An image of Bellanoir, a new raid boss in Palworld, standing intimidatingly in front of a swarm of meteors.
(Image credit: Pocketpair)

Palworld's developer Pocketpair, not being slowed down by Nintendo's lawsuit, has gone and opened a publishing arm. Pocketpair Publishing, which already has a horror game made by Surgent Studios in the works, is up, running, and taking inquiries.

The studio's publishing manager and communications director, who goes by Bucky, recently posted to X that things were going well. Maybe a little too well—in around 15 hours, the poor blighter was swarmed with over 1,500 LinkedIn notifications and 68 email inquiries. "My inboxes were 0 before then… I think I might have underestimated how much interest there would be." I only dread to think what his inbox looks like now that small-time hopefuls have had a whole weekend to rustle up their elevator pitches.

Bucky seems to be taking it in stride, though—when asked by one commenter whether Pocketpair would get all tyrannical about its creative control, he responds: "We give you money. You make game." Simple as. He then adds: "We’re giving devs the financial freedom to make games they want so they DON’T have to get wrapped up with stinky rule makers and bullies."

In fact, most of his time on socials seems to be dedicated to clearing up misunderstandings about the studio's structure. In a separate post, he breaks out the MS Paint to reassure people that any partnerships with Sony are just to help market physical merchandise—Pocketpair is still in charge of its own destiny.

It's not a position I envy, at any rate. Opening the floodgates to the general public and sorting through the grey goo of web3 hypotheticals and AI-generated games (sometimes with equally AI-generated pitches) is a great way to make your emails unusable. Back when Vampire Survivor developer Poncle opened up a similar project, it had to cross such games off the menu from the get-go.

Pocketpair's form has no such forbiddances, and, look—maybe it's just trying to keep an open mind, and bless it for doing so, but I can't help but fret like an overprotective helicopter parent about an imagined sea of blockchain pitches which, being frank, don't really seem to be what the studio's going for when it says it wants to "find fun games."

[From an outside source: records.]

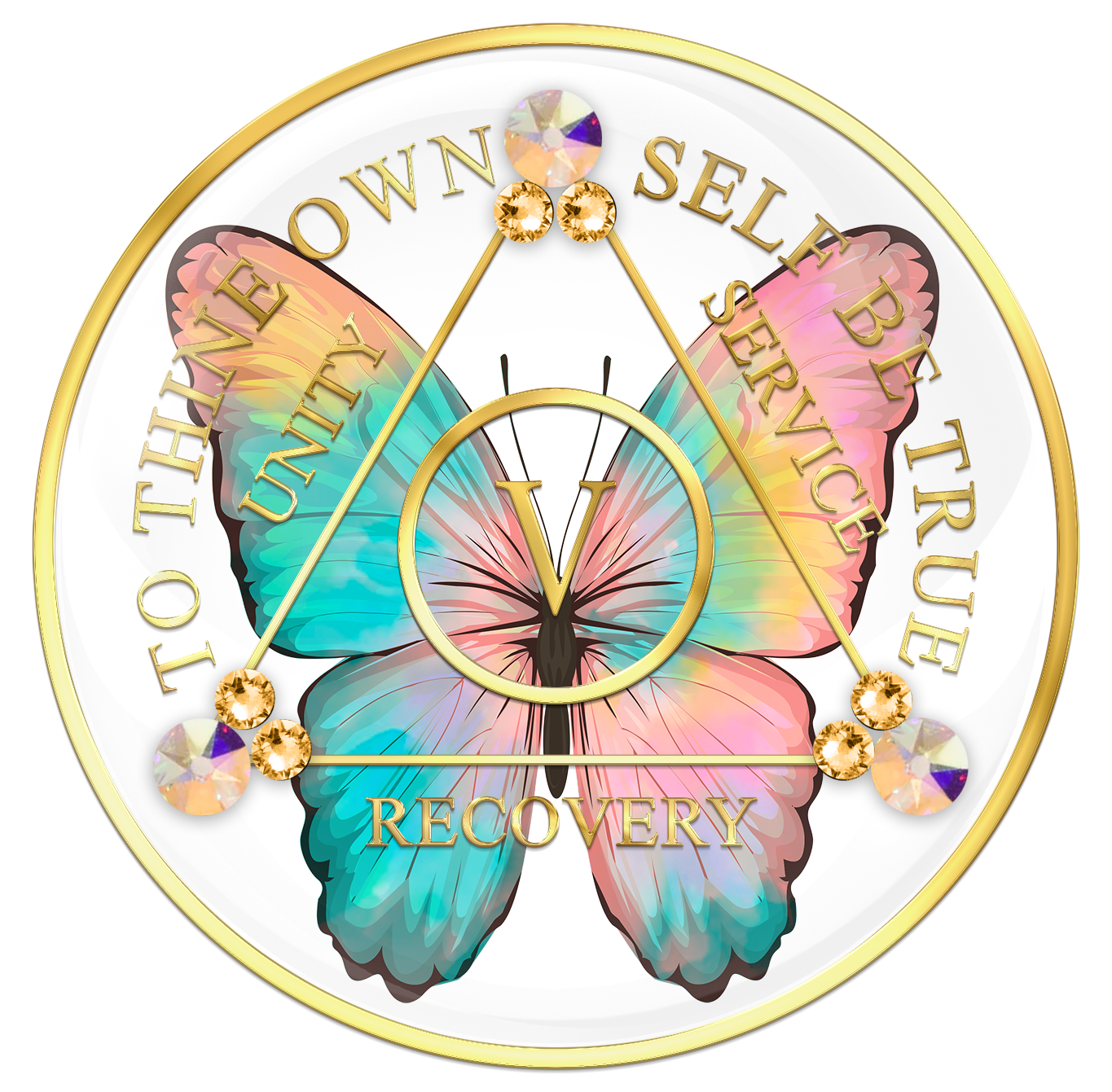 AA custom medallion coin 5 year butterfly design with gold crystals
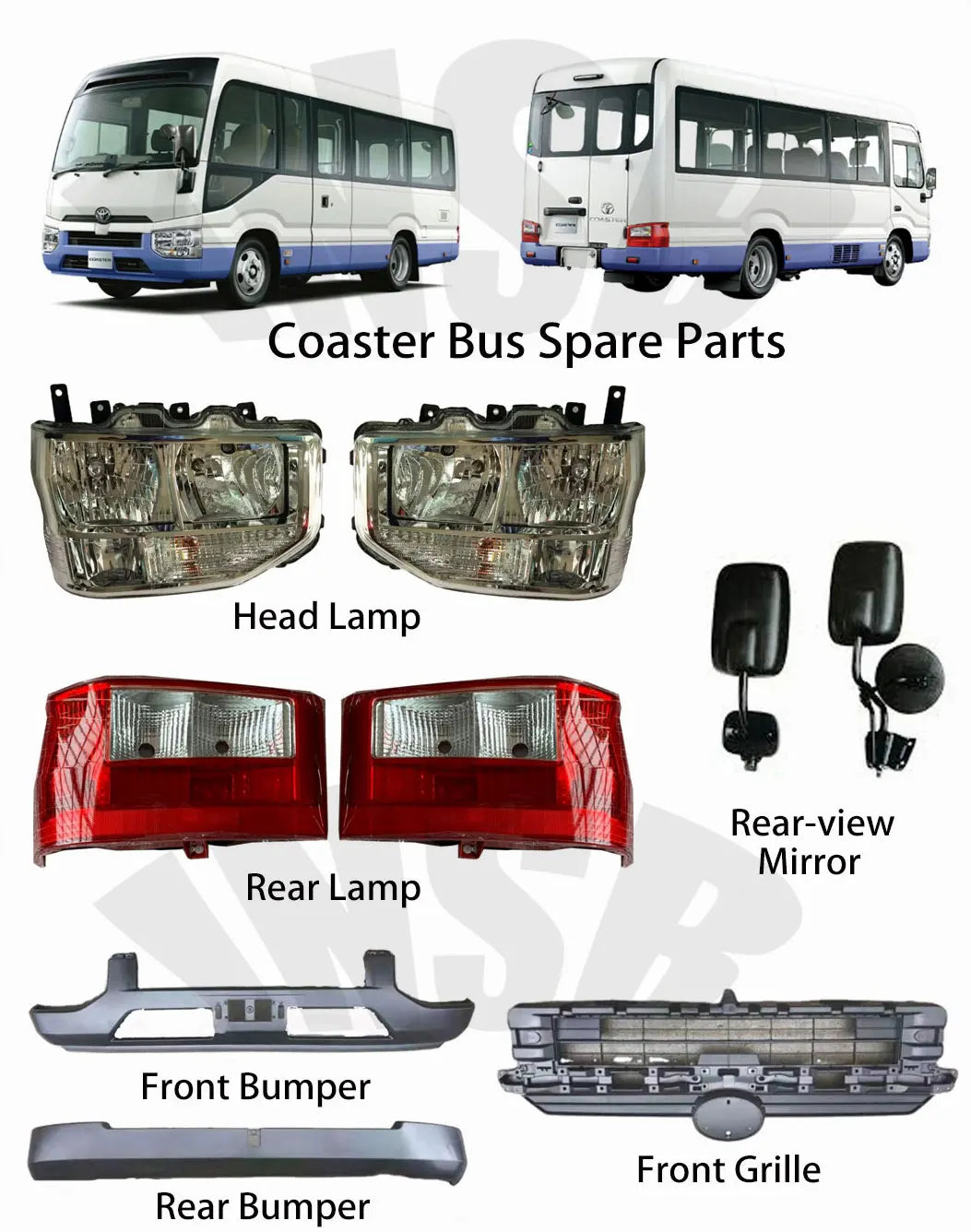 Coaster Bus Spare Parts Headlamp Rear Lamp Front Bumper Grille Rearview Mirror for coaster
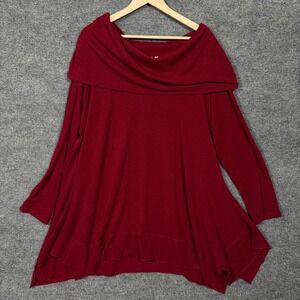 Soft Surroundings Plus Size 2X Sweater Top Red Shawl Neck Flared Swing Stretch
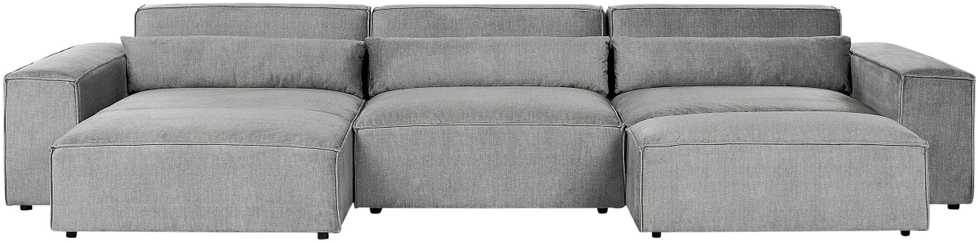 Beliani Modulinė 5 vietų kampinė sofa „HELLNAR“, dešininė, pilka, su otomanu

This anxiety might just be because the project itself seems really worthwhile, honestly. I like a good indie, and I'm pleased as punch to see some 'indie' studios, such as Larian—yes, it's still technically independent—growing big enough to easily throw their weight around with the big boys, who are long overdue some competition. This pleasing trend of small-scale studios getting thrown a bunch of cash from unexpected successes and turning that moolah into funding strikes me as an innate good, and I'd like to see it continue.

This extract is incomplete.